Mike Robinson, one of the individuals leading the charge for the project, said the letter of intent would have limited the discussions to Moir Park alone, rather than other proposed sites.
“KEYSA has since presented the financial challenges with that location, as well as provided the three financial scenarios that were requested by City staff,” Robinson said. “Our most recent press release stated that we could not put the soccer association at risk by agreeing to operate in a location projected to lose between $30,000-$40,000 annually.
“However, given the public support and the responsibility to our donor who would not see refunds if the project failed, the project is anything but dead.”
Pratt added that the city requested further information from KEYSA that it hasn’t received, which Robinson said the organization was still researching because the data scope involves engaging with professional consultants as it is beyond volunteer expertise.

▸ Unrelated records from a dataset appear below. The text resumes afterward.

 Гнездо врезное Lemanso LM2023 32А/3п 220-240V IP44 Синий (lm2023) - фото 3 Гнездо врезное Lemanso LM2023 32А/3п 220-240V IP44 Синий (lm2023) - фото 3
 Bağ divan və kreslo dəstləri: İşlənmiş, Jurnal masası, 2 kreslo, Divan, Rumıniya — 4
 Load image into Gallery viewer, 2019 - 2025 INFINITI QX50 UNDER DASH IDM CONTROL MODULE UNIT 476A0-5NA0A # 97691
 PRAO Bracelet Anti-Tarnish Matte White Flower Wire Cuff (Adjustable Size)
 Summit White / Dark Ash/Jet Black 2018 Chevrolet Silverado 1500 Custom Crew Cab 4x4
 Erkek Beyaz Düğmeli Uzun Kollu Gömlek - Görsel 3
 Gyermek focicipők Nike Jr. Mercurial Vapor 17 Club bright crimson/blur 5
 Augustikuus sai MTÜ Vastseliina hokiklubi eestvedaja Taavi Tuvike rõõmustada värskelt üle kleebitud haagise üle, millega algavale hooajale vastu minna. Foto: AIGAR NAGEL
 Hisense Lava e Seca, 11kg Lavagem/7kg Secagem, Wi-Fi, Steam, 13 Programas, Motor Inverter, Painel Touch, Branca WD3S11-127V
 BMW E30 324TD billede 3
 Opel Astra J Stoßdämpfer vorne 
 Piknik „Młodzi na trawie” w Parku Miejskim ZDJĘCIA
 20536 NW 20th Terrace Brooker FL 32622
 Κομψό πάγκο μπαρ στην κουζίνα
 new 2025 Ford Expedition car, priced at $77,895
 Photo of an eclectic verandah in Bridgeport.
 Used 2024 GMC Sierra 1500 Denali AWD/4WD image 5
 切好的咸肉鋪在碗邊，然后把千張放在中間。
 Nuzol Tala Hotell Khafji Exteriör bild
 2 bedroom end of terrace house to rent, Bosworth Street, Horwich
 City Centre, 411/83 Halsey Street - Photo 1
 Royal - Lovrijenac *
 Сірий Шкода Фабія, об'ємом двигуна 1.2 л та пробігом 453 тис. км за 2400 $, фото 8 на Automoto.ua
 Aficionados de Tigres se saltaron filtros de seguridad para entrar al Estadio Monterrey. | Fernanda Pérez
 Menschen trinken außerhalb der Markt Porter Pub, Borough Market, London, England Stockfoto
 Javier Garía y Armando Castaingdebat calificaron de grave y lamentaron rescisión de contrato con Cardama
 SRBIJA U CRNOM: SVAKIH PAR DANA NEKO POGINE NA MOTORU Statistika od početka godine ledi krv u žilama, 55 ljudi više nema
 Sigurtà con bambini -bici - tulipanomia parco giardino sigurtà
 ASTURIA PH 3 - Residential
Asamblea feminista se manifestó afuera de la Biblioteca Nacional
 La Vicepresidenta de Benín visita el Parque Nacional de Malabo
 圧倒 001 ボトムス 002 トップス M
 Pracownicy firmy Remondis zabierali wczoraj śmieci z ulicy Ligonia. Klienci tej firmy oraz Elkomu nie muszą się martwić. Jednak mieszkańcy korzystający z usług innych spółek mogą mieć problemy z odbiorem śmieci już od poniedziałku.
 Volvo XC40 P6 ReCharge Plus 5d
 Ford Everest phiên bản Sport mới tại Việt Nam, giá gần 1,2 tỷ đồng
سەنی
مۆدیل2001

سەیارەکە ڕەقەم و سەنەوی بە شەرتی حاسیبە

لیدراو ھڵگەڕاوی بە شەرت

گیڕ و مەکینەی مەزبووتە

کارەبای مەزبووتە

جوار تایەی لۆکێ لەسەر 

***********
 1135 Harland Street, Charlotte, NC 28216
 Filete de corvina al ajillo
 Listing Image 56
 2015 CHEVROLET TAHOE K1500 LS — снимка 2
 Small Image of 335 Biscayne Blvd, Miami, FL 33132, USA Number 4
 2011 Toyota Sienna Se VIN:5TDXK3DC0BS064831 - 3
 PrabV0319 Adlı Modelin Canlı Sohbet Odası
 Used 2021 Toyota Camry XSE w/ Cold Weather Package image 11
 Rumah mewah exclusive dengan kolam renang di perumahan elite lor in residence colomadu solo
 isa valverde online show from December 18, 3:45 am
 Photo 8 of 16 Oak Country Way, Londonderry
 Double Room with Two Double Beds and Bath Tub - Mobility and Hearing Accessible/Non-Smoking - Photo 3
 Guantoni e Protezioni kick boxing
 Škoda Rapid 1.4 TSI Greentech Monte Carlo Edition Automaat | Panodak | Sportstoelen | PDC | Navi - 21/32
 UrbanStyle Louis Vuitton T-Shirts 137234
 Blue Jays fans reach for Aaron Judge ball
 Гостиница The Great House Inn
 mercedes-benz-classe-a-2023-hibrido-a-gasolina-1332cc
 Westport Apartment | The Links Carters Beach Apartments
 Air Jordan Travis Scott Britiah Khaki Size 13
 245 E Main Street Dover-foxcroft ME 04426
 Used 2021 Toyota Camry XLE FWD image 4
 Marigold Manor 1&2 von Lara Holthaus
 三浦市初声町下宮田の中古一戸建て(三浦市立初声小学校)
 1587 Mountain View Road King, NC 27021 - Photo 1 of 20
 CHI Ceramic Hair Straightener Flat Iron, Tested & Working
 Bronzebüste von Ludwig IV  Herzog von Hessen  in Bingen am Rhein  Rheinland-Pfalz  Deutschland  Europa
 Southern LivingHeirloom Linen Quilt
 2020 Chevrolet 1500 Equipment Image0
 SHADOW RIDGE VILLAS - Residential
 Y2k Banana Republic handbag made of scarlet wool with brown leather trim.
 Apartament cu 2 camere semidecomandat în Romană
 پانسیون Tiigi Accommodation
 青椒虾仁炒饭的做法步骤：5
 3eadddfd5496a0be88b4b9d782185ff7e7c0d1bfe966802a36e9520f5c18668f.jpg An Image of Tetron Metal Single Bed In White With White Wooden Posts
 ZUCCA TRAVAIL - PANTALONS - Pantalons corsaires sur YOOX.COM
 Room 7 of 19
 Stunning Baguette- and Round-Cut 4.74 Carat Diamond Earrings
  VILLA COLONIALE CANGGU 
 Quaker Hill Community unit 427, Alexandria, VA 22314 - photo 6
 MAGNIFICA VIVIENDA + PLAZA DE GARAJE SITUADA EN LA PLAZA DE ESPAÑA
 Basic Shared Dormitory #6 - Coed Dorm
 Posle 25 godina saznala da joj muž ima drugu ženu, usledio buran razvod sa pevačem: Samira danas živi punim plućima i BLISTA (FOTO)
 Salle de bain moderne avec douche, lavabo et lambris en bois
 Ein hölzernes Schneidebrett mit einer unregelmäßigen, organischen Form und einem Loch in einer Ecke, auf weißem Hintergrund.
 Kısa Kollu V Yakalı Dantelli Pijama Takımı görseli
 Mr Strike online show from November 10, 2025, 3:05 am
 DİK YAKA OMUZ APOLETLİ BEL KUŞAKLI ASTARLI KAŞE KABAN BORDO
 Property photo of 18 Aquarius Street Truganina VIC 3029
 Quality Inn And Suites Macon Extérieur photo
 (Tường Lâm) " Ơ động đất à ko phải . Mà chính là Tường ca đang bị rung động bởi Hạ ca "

Robinson said a business plan was submitted to council a year and a half ago and that KEYSA was denied an opportunity to present a more detailed plan earlier this year before an in-camera decision was made to offer the Moir Park location.
One of the main concerns from KEYSA is that if the indoor sports facility isn’t financially viable, the losses are borne by volunteer board members.
At the special council meeting, Pratt noted his concerns about taxpayers being faced with any potential liabilities.
“Although it looks like a gift of $1.3 million to the City of Cranbrook, it is council’s responsibility to do its due diligence to make sure it does not come with a liability which would be borne by all the taxpayers of the city, whether they agree to it or not,” said Pratt.